───── Data records ─────

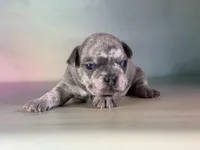 Juno ICA DNA , a male Frenchton for sale in Canton, OH – Photo 3 of 6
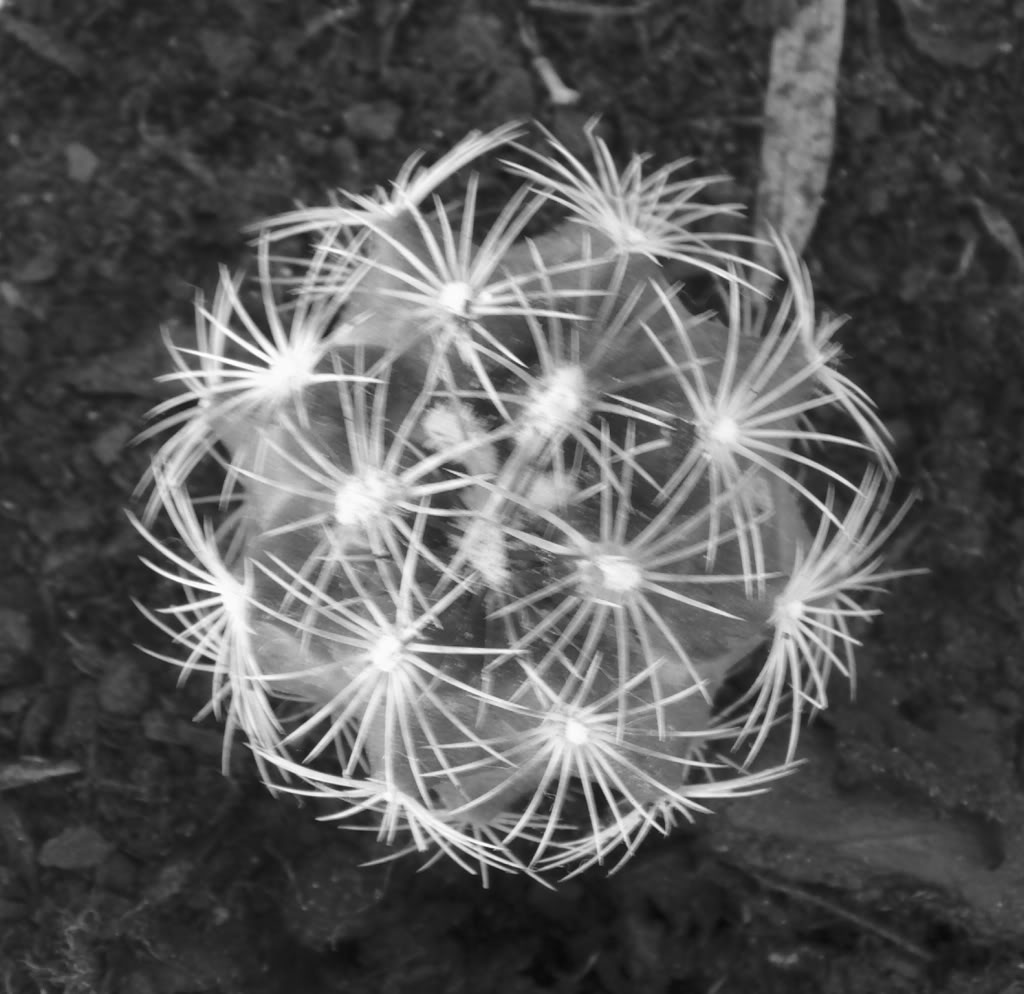 tephocactusbicolorblancoynegro.jpg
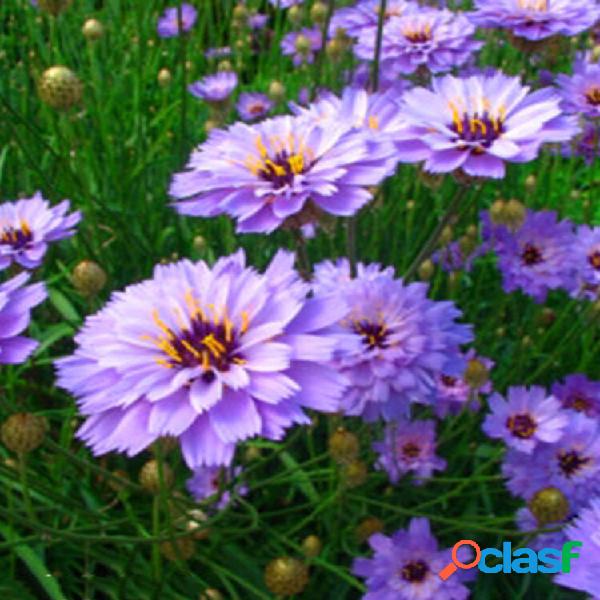 Egrow 50 Unidades / pacote Caerulea sementes Cupidos Amor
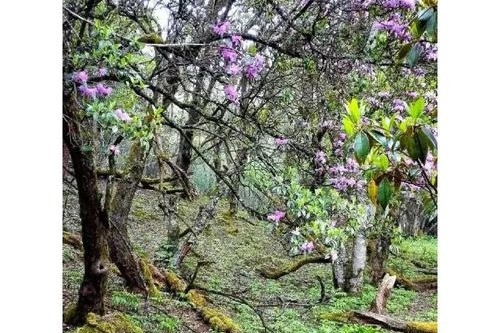 云南鹤庆：马耳山花海行
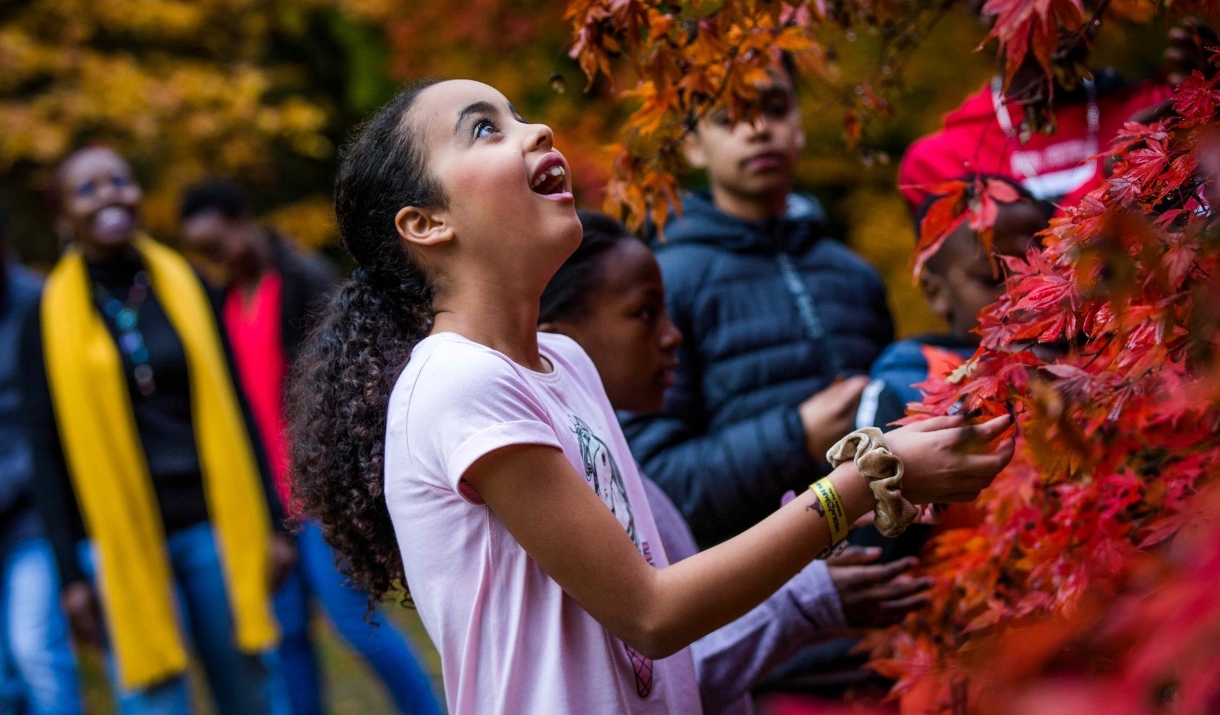 young girl looks up into red leaved tree in autumn
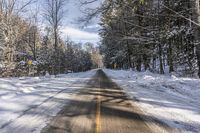 Ontario Canada Landscape: Snowy Forest Road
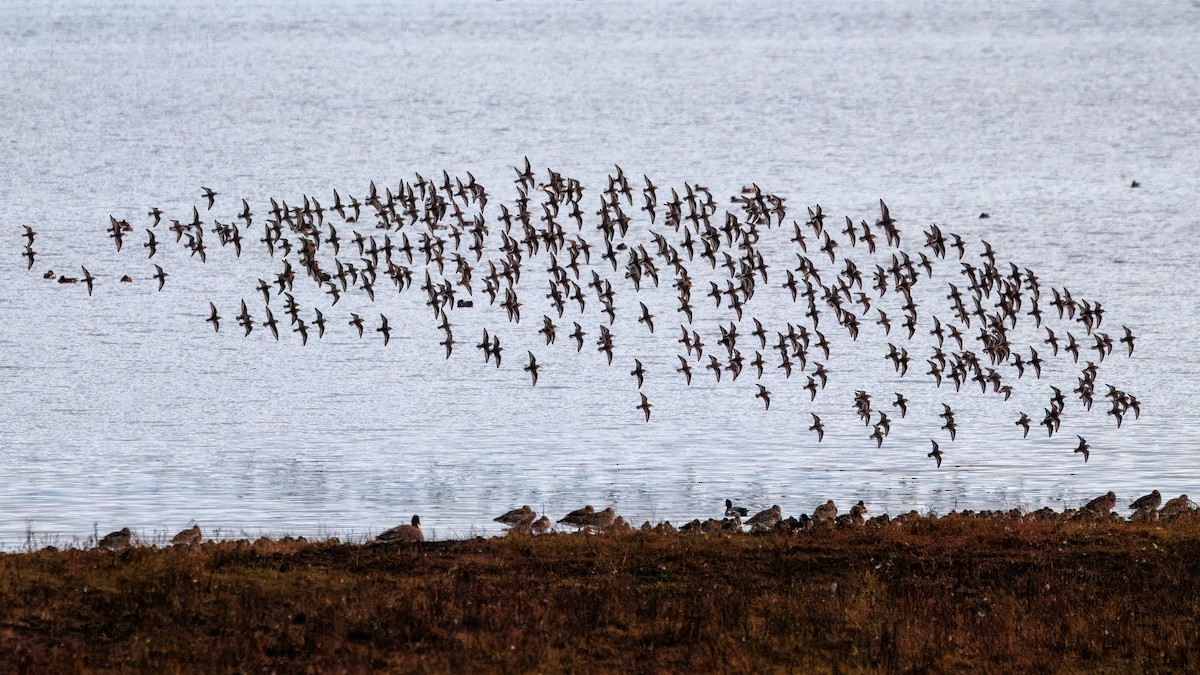 Dunlin - ML644201243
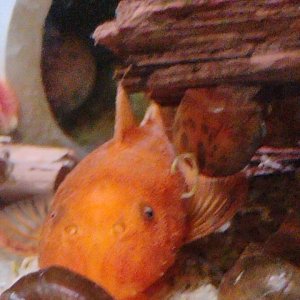 2025-10-26 13-14-24.jpg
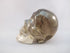 CS-SMQ-BIC-0253 :  3.2-inch Bi-Color Smoky Quartz Crystal Skull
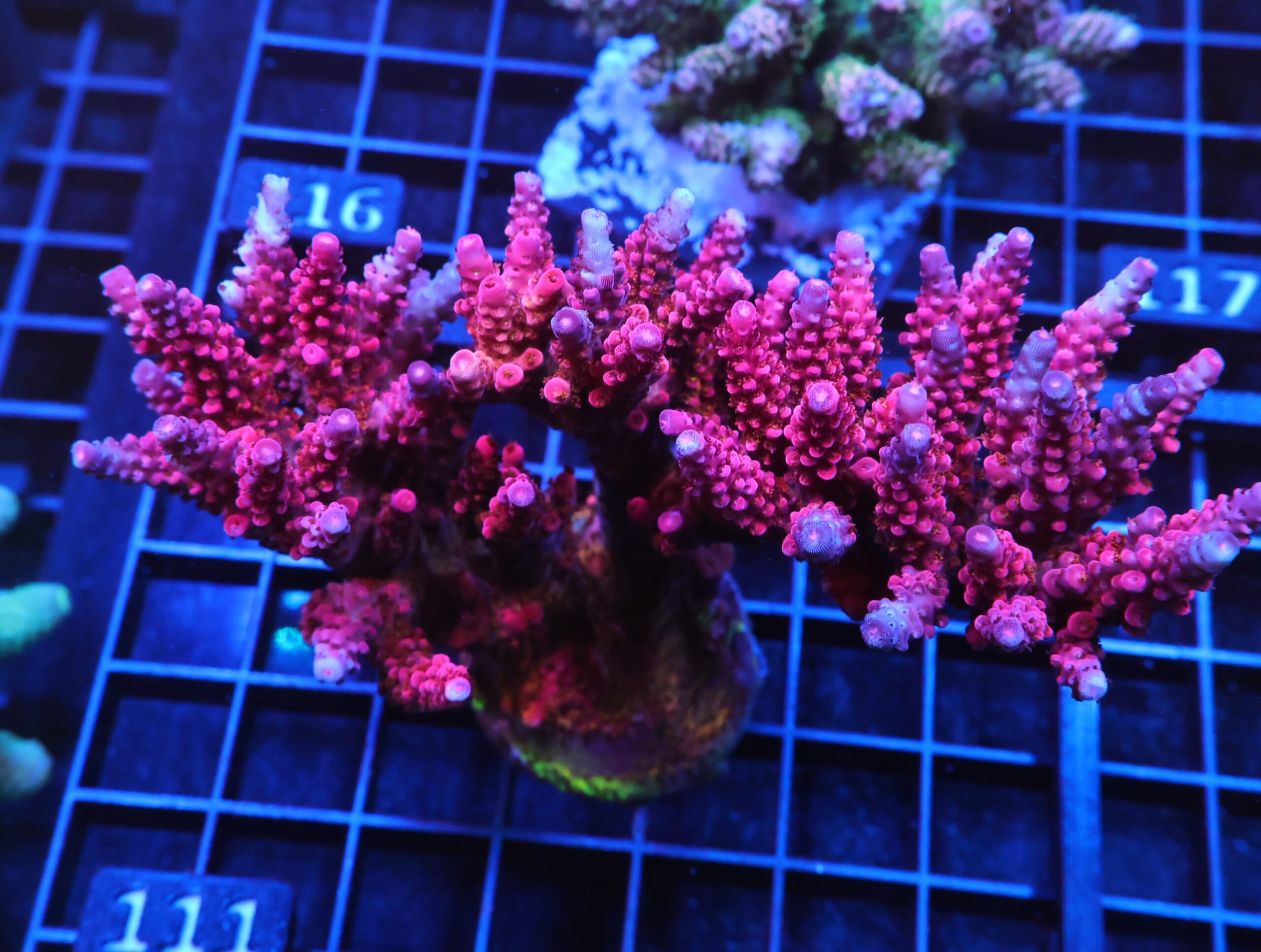 E111 - SDC RAINBOW ROMMELS ACRO COLONY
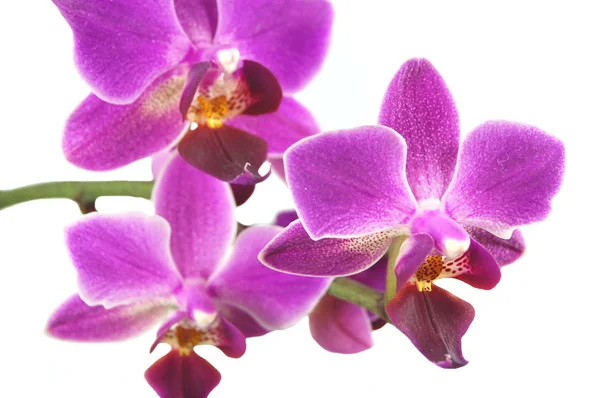 Beyaz arkaplanda izole edilmiş orkide çiçekleri — Stok fotoğraf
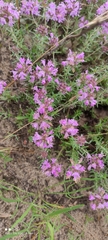 Thymus pallasianus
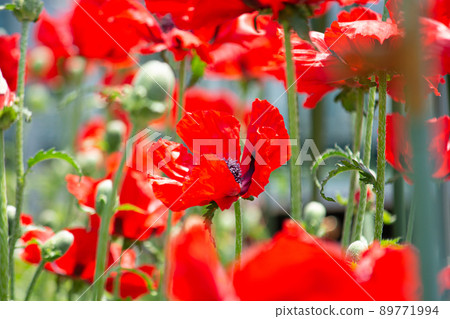 Papaver bracteatum 別名：Papaver bracteatum 法律禁止栽培 89771994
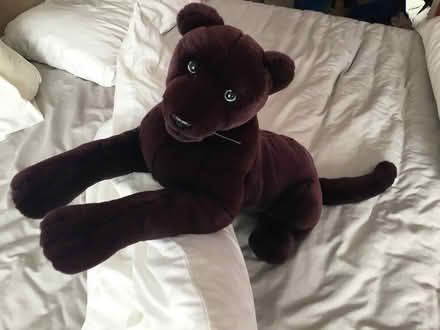 Photo of free Plush cuddly puma (Earlswood RH1) #1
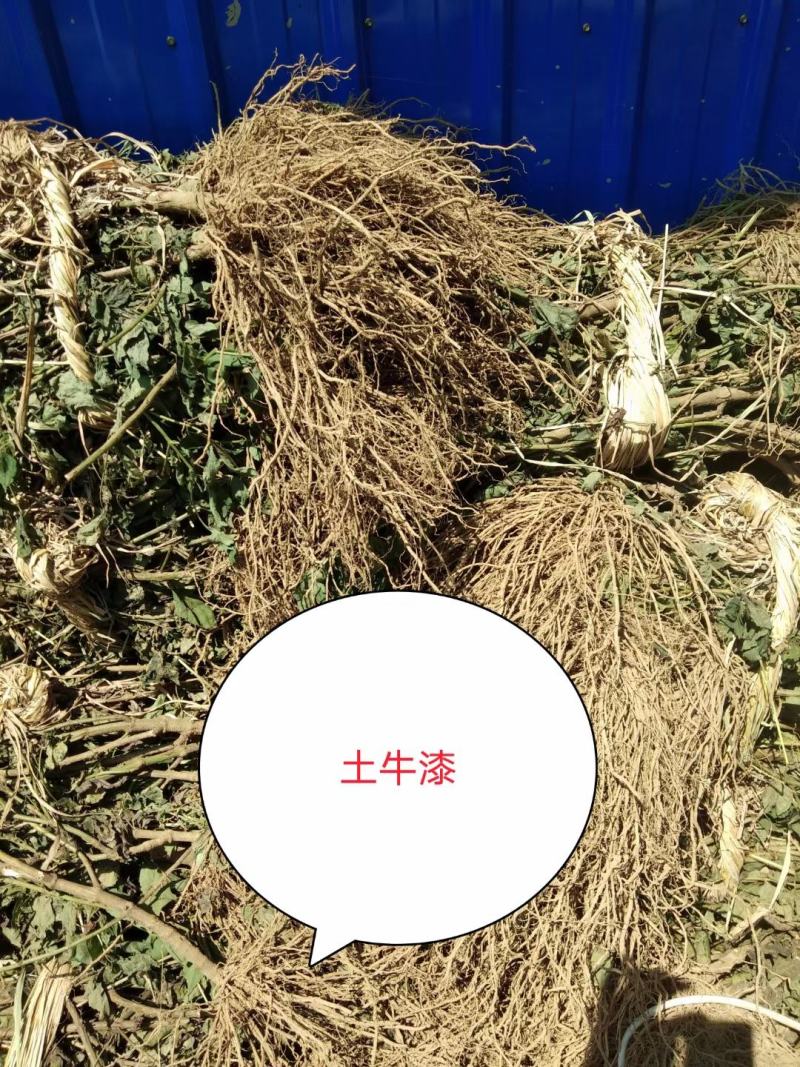 广东土牛漆各种规格有货，颜色漂亮无杂质，足干货大量供应，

─────

**Aim of the task:** Pictures aside, reproduce exactly the lines from the one containing "云南鹤庆：马耳山花海行" to the end of the listing above, both ends included.

**Result of this task:**
 云南鹤庆：马耳山花海行
 young girl looks up into red leaved tree in autumn
 Ontario Canada Landscape: Snowy Forest Road
 Dunlin - ML644201243
 2025-10-26 13-14-24.jpg
 CS-SMQ-BIC-0253 :  3.2-inch Bi-Color Smoky Quartz Crystal Skull
 E111 - SDC RAINBOW ROMMELS ACRO COLONY
 Beyaz arkaplanda izole edilmiş orkide çiçekleri — Stok fotoğraf
 Thymus pallasianus
 Papaver bracteatum 別名：Papaver bracteatum 法律禁止栽培 89771994
 Photo of free Plush cuddly puma (Earlswood RH1) #1
 广东土牛漆各种规格有货，颜色漂亮无杂质，足干货大量供应，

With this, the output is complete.